Alasan kedua adalah karena tiap anggota keluarga pada dasarnya ingin merasakan atau memiliki kebebasan dan privasi. Sang anak ingin bebas bepergian, entah untuk menyelesaikan tugas belajar ataupun untuk tujuan bermain, tapi ortu di sisi lain khawatir. Orang tua juga sering menetapkan aturan, yang dianggap mengekang dan membuat anak gerah. Belum lagi aturan tidak resmi dari kakak untuk adik, seperti ketika saya melarang adik saya buat rebahan di ranjang seenaknya ketika ia pulang dan masih berpakaian kotor dengan debu atau keringat dari luar rumah.

Kita sering merasa tidak nyaman dengan aturan yang dibuat dalam keluarga, atau beberapa menyebutnya 'kontrak keluarga'. Tapi kenyataannya, aturan itu, ketika dibuat dengan dasar dan tujuan yang baik, tidak pernah dimaksudkan untuk mengurangi kebebasan kita.
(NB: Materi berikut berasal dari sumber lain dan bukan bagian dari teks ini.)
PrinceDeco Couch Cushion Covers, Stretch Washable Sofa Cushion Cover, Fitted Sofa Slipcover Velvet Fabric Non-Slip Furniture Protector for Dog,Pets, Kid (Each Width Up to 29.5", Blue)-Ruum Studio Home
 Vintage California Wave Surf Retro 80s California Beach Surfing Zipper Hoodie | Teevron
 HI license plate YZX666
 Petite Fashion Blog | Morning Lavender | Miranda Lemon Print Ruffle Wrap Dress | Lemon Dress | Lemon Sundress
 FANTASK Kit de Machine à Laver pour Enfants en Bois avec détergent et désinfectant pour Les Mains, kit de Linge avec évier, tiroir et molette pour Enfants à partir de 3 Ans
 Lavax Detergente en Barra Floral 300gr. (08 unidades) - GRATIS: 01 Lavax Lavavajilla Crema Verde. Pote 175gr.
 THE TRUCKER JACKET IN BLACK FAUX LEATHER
Disiplin yang ingin diterapkan bertujuan meningkatkan kualitas pribadi kita. Menaati orang tua bukan berarti melenyapkan atau membatasi kebebasan, justru malah kita sedang menyiapkan diri untuk nantinya terbiasa hidup disiplin dengan sendirinya. Akan tiba masanya ketika anak berpisah (rumah) dengan orang tua, dan dianggap ada kebebasan lebih. Tapi sampai saat itu tiba, biar kita menikmati hidup dengan aturan yang ada.


Dan terakhir, kita sama-sama punya kepentingan, pandangan, dan prioritas yang berbeda. Belajar bisa saja dianggap tugas nomor satu oleh orang tua, atau untuk orang tua yang lain, membantu ortu juga tidak kalah pentingnya. Sementara anak bisa saja melihat bahwa mereka butuh hiburan, perlu menyalurkan bakat, dan ingin menghabiskan waktu bersama teman. Ortu dan anak bisa saja ribut besar gegara pemilihan jurusan kuliah, karena ortu lebih memikirkan apa yang dianggap menghasilkan banyak uang, sementara anak pengin mengembangkan bakat mereka. Atau ketika saya dan ortu rebutan channel televisi, karena beda melihat apa yang dianggap hiburan.

Jadi bagaimana supaya tidak bertengkar? Ya, for me, kembali melihat tiga alasan itu; apakah memang ada perbedaan dalam memandang dan memahami bahasa kasih, kebebasan dan privasi, serta kepentingan dan prioritas hidup. Next, kita perlu memikirkan bagaimana berkomunikasi supaya perbedaan itu bisa sama-sama dipahami dan diterima. Dan belajar berkomunikasi itu hal yang lain lagi. Tapi at least kita sudah mencoba lebih peka melihat hal-hal yang bisa memicu perselisihan dalam keluarga itu. Dan ketika semuanya didasarkan dan dimulai dengan kasih atau cinta, saya rasa kita bisa lebih menghindari atau mengurangi pertengkaran di rumah. Atau menganggap perselisihan itu bukan hal yang destruktif.